On Sat, Nov 15, 2014 at 09:41:23PM -0500, Miles Fidelman wrote:
> Marty wrote:
> >On 11/15/2014 07:45 PM, Ludovic Meyer wrote:
> >>On Wed, Nov 12, 2014 at 12:26:26AM -0500, Marty wrote:
> >>>On 11/11/2014 02:16 PM, Brian wrote:
> >>>>On Tue 11 Nov 2014 at 12:36:14 -0500, Marty wrote:
> >>>>
> >>>>>On 11/11/2014 12:07 PM, Laurent Bigonville wrote:
> >>>>>>
> >>>>>>There are no functional differences between an installation with
> >>>>>>sysvinit-core out of the box or an install where sysvinit-core is
> >>>>>>installed later, this is a fact.
> >>>>>>
> >>>>>>Allowing the user to choose this at install time from the
> >>>interface is
> >>>>>>a "nice to have" feature (wishlist bug) not a RC bug like you were
> >>>>>>claiming earlier.
> >>>>>
> >>>>>There is a potential practical consequence of not advertising an
> >>>>>init alternative during setup. It makes users less likely to be
> >>>>>aware of it, or even aware that the init system has changed.
> >>>>
> >>>>New users do not need to be be aware of all the background to the
> >>>>choosing of a default init. No advertisement is needed. By definition,
> >>>>they do not care. They want Debian. Please let them have it.
> >>>
> >>>They will not care "by definition" only if they are not aware of the
> >>>change, and most won't be aware unless they are informed during the
> >>>installation.
> >>>
> >>>>>They won't know they lost the choice they didn't know they
> >>>had. Capisce?
> >>>>
> >>>>What choice have they lost?
> >>>
> >>>They lost an *informed* choice. I think the installation program
> >>>should not take sides but just inform the user. A choice that the
> >>>user is not aware of is the same as no choice, and is potentially
> >>>coercive and disrespectful.
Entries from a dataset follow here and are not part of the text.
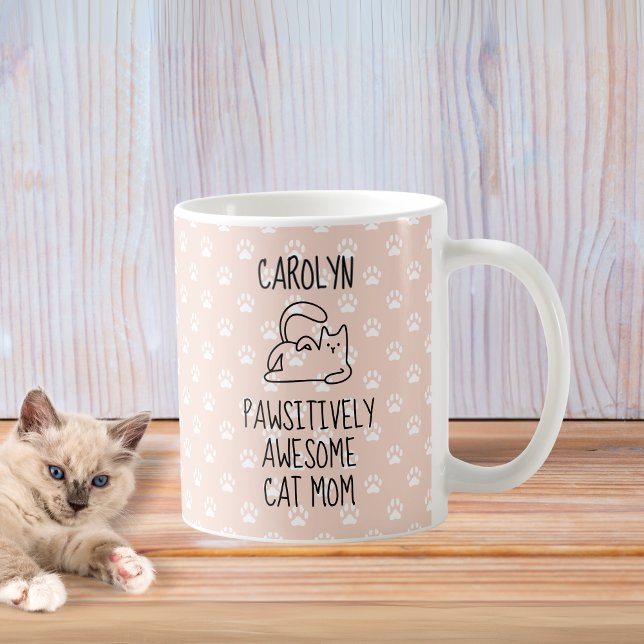 Custom Name Pawsitively Awesome Cat Mum Coffee Mug (Custom Name Pawsitively Awesome Cat Mom Coffee Mug)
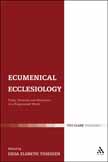 Ecumenical Ecclesiology: Unity, Diversity and Otherness in a Fragmented World Ecumenical Ecclesiology: Unity, Diversity and Otherness in a Fragmented World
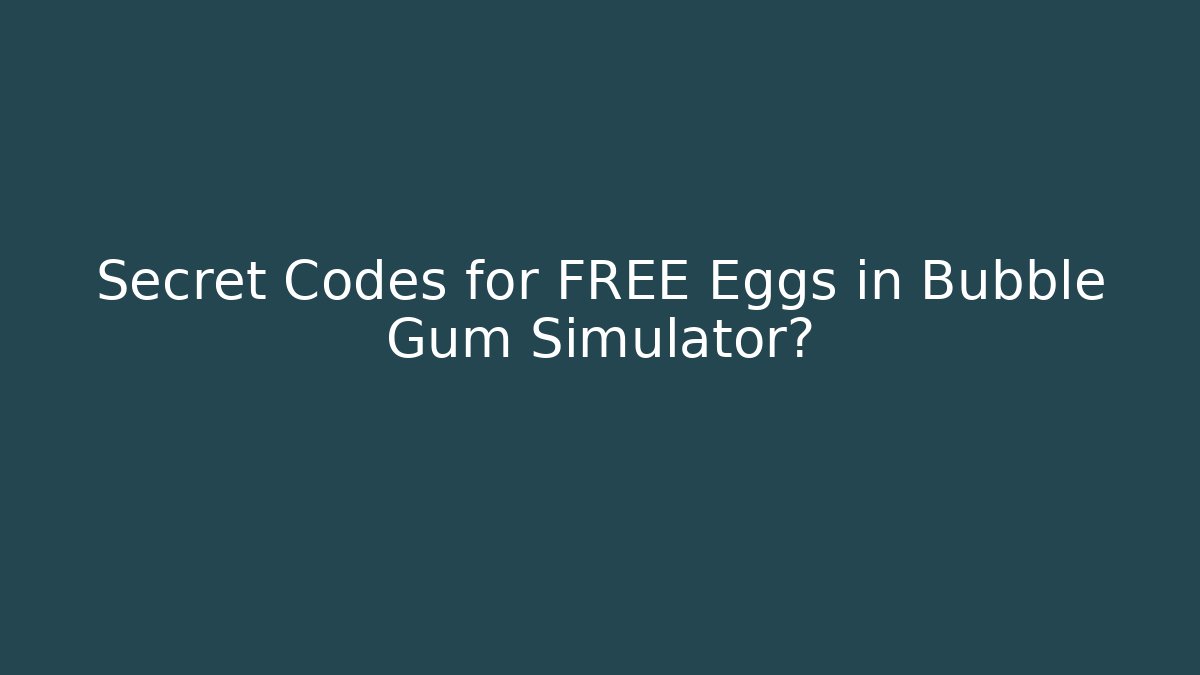 Secret Codes for FREE Eggs in Bubble Gum Simulator? - Create More Assets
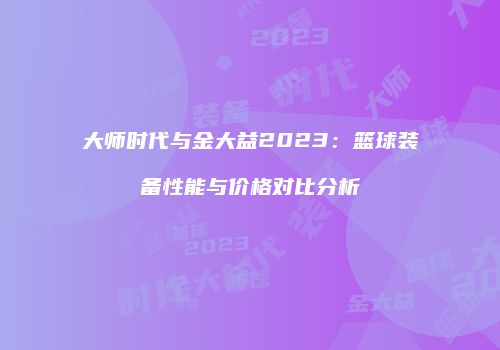 大师时代与金大益2023：篮球装备性能与价格对比分析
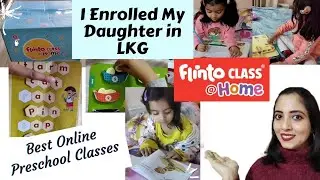 Flintoclass Online School Honest Review After 3 Months of LKG Classes। Is it Worth??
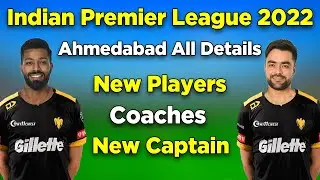 Tata Ipl 2022 | Ahmedabad Team Players List | Ipl 2022 Ahmedabad Team Captain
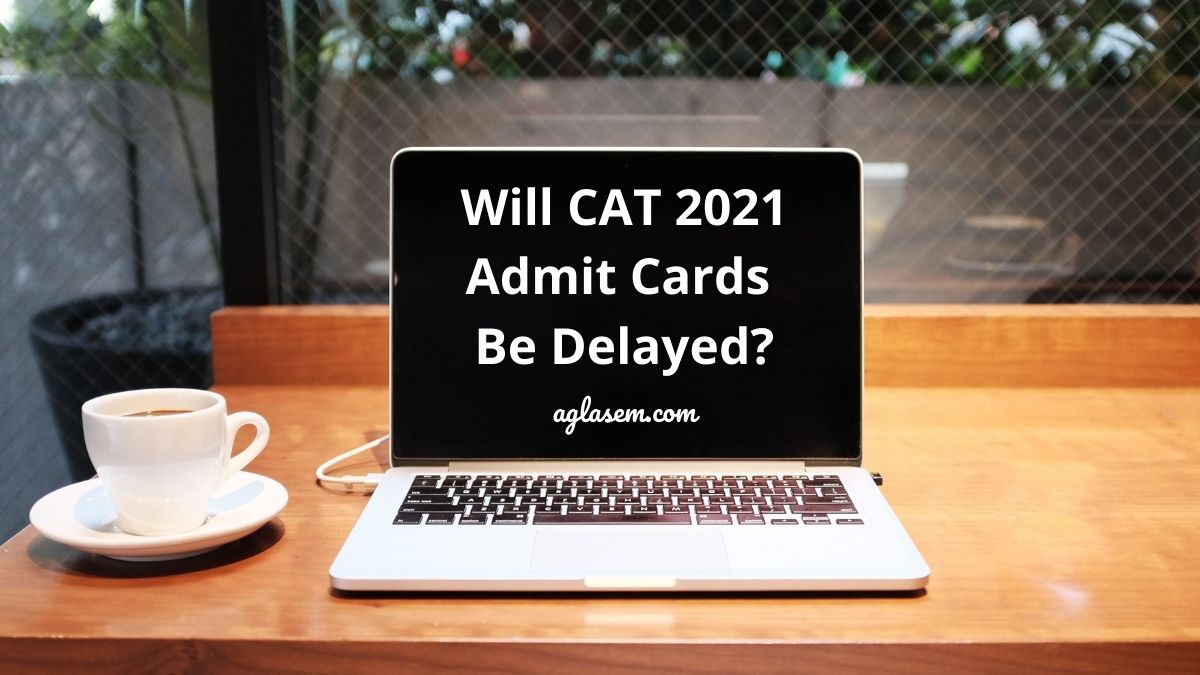 CAT Admit Card 2021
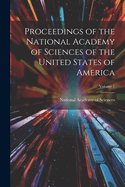 Proceedings of the National Academy of Sciences of the United States of America; Volume 1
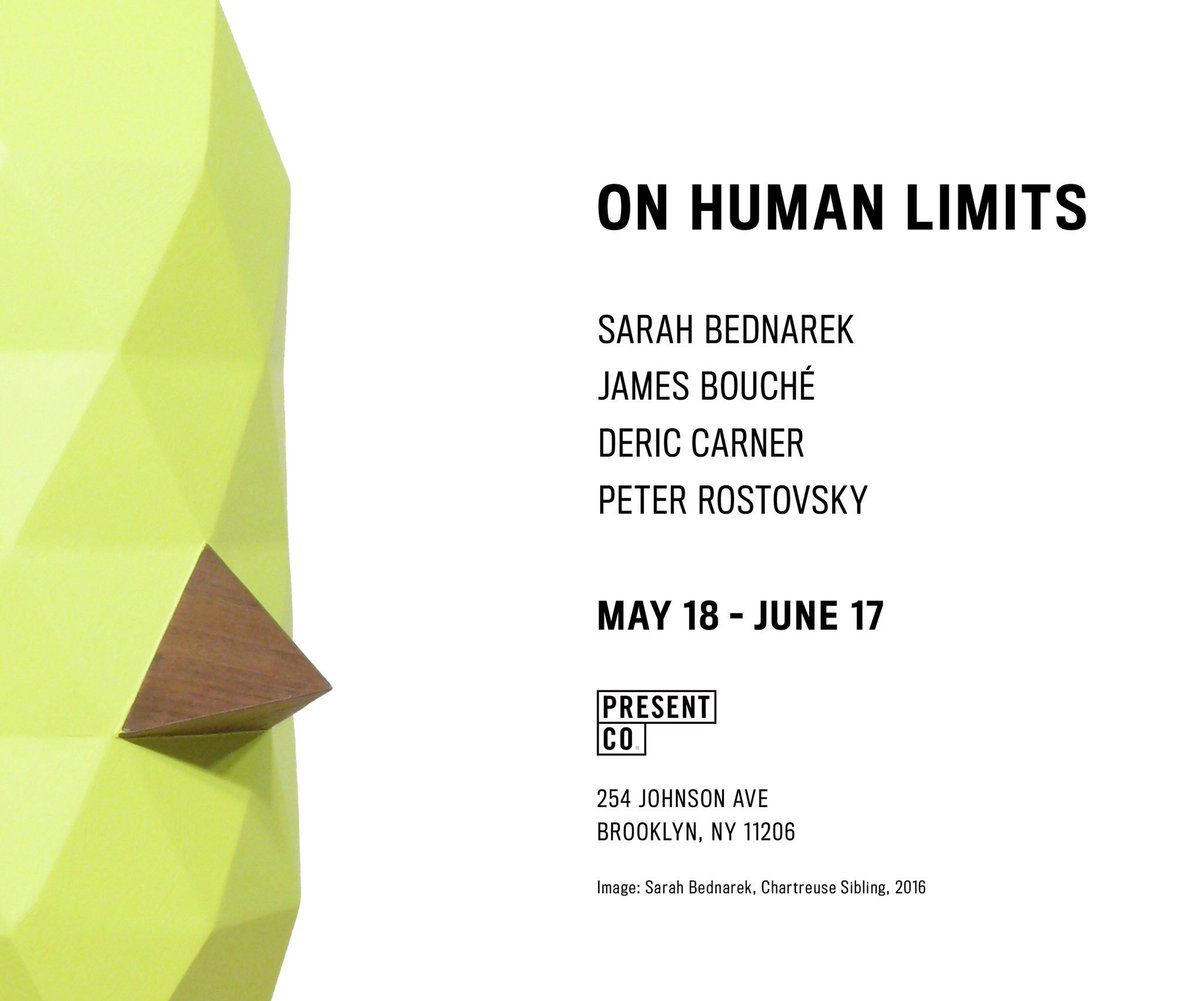 subsully's tweet photo. Please join Present Company this Friday, May 18, 7pm - 10pm for the opening reception of “On Human Limits,” featuring Sarah Bednarek, James Bouché, Deric Carner and Peter Rostovsky. 254 Johnson Ave, Brooklyn #presentcompanybrooklyn https://t.co/ZWrVjIb6Vx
It makes Debian seem partial to Red
> >>>Hat's business plan to take over the Linux ecosystem.
> >>
> >>If you care so much about Redhat code, maybe you should document
> >>yourself, and see there pay coders for glibc, gcc, the kernel ( a
> >>ton of them, according to lwn and linux fundations reports ), on
> >>coreutils, gnome, kde, php, python, openssh, etc, etc.
> >>
> >>>> Whatever it was, it didn't exist as you imply
> >>>> in Wheezy.
> >>>
> >>>It wasn't an issue in Wheezy because the default init option had not
> >>>changed from the previous release, and any release before that.
> >>>
> >>>>>They won't know, that is, until it bites them somewhere down the
> >>>>>line. Then they won't know where to look or who to blame, and will
> >>>>>blame Debian.
> >>>>
> >>>>What bites them?
> >>>
> >>>Individually, probably something that requires sysvinit or one many
> >>>core services that got replaced. Collectively, getting trapped by
> >>>vendor lock-in.
> >>
> >>You keep using those words, but you do not seems to use them correctly.
> >>If the same system is present on more than one distributio, that's not
> >>vendor lock-in since you can switch distribution and then reuse the same
> >>system.
> >
> >I meant that one vendor seeks to control the Linux ecosystem.
> >Whether that plan is viable or even sane, is another issue, but I
> >am not eager to see if their plan will succeed or be a guinea pin
> >in the experiment.
> 
> As much as I dislike systemd, I'm not sure that it's a vendor
> conspiracy to "control the Linux ecosystem."  Yes, redhat pays
> Lennart Poettering's salary (among others).  But... I'm hard pressed
> to see how turning a collection of free distros into functional
> equivalent's of redhat, or increasing the resources applied to free
> distros, is really to their benefit.  If anything, it would seem to
> dilute the competitive advantage of paid RHEL.
> 
> Personally, I think it's more a matter of one, prima donna
> developer, who has the advantage of a salary, who has a vision and
> design philosophy that he's promoting in a very aggressive and
> single minded way.  And he's very overt about it.  (Somebody posted
> an email from Poettering last week saying, roughly, 'first we're
> going to get kdbus into the kernel, then we're going to make udev
> depend on it, and then everyone will have to eat systemd to get
> udev.'  As I recall, the message closed with 'gentoo, be warned.')
> 
> I figure this is more a case of redhat management not wanting to
> tick off valued prima donna, and maybe seeing what he's doing as a
> contribution to the open source community (to date, redhat has been
> pretty good about contributing to the community in lots of different
> ways).  Still,  if I were in their shoes, I'd be trying to reign the
> guys in. 

Why would the management of a external company care about what 
happen in Debian ? 
People keep wanting the project to be free of corporate influence, but 
it seems that some wouldn't be against having a bit of corporate influence if the
influence was in the way they want..

> Given that RHEL's main selling points are enterprise
> capabilities, quality control, and (for the government market)
> security accreditation and lots of support, I'd much rather see
> diversity and weak code spread across competing distributions.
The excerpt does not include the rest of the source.